Alle Gesundheitsdaten der Einwohner des Bezirks Zhabei sind in einer Cloud gespeichert. Das vereinfacht nicht nur die Arbeit medizinischer Einrichtungen, sondern zum Beispiel auch die Rückerstattung von Behandlungskosten durch die Versicherung. Es ist ein sehr vielversprechendes Projekt. Neben den Pilotstädten planen etwa 15 bis 20 weitere Regionen den Aufbau einer Cloud-Computing-Branche und bauen dafür die Infrastruktur auf, kaufen Server und Storage - manche investieren unserer Meinung nach sogar zu viel, der Markt könnte sich auch überhitzen.
Die ersten fünf Pilotstädte der Cloud Entwicklung
China wandelt sich gerade zum Hightech-Standort. Welche Rolle spielt die IT-Industrie bei dieser Transformation?

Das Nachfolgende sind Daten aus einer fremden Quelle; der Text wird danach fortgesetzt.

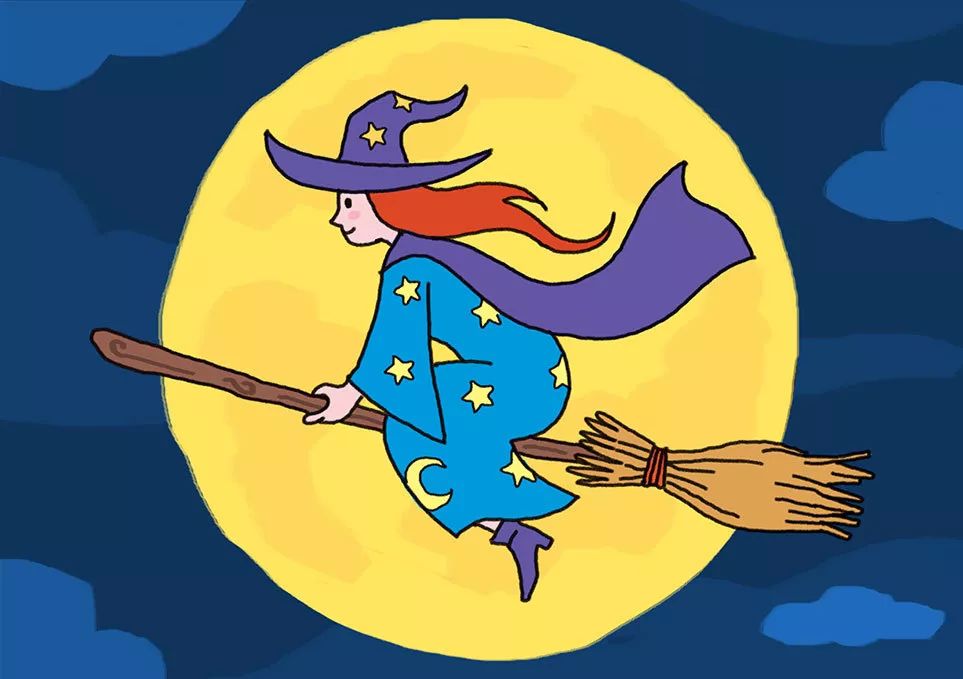 魔法之夜！女巫简笔画教程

Hier gibt es verschiedene Ebenen. Da sind zum einen die großen Staatsbetriebe mit viel Kapital, die ihre Marke in China und ihr Business im Ausland ausbauen möchten. Sie brauchen eine sehr flexible IT-Infrastruktur und -Services auf internationalem State-of-the-Art-Niveau, um global arbeiten zu können. Da spielt Cloud Computing eine große Rolle. Kleine und mittelständische Unternehmen sehen sich ganz anderen Herausforderungen gegenüber. China ist ein sehr dynamischer Markt. Diese Firmen möchten zwar ihre Geschäftseffizienz verbessern, zurzeit beschäftigt sie aber vor allem, wie sie ihre Chance im wachsenden Markt am besten nutzen können. Erst dann werden sie interne Prozesse weiter optimieren. Es wäre gut, wenn sie eine gemeinsame Plattform hätten, die sie bei Innovationen und interner Planung unterstützt. Das MIIT und die Lokalregierungen investieren gerade in solche Projekte.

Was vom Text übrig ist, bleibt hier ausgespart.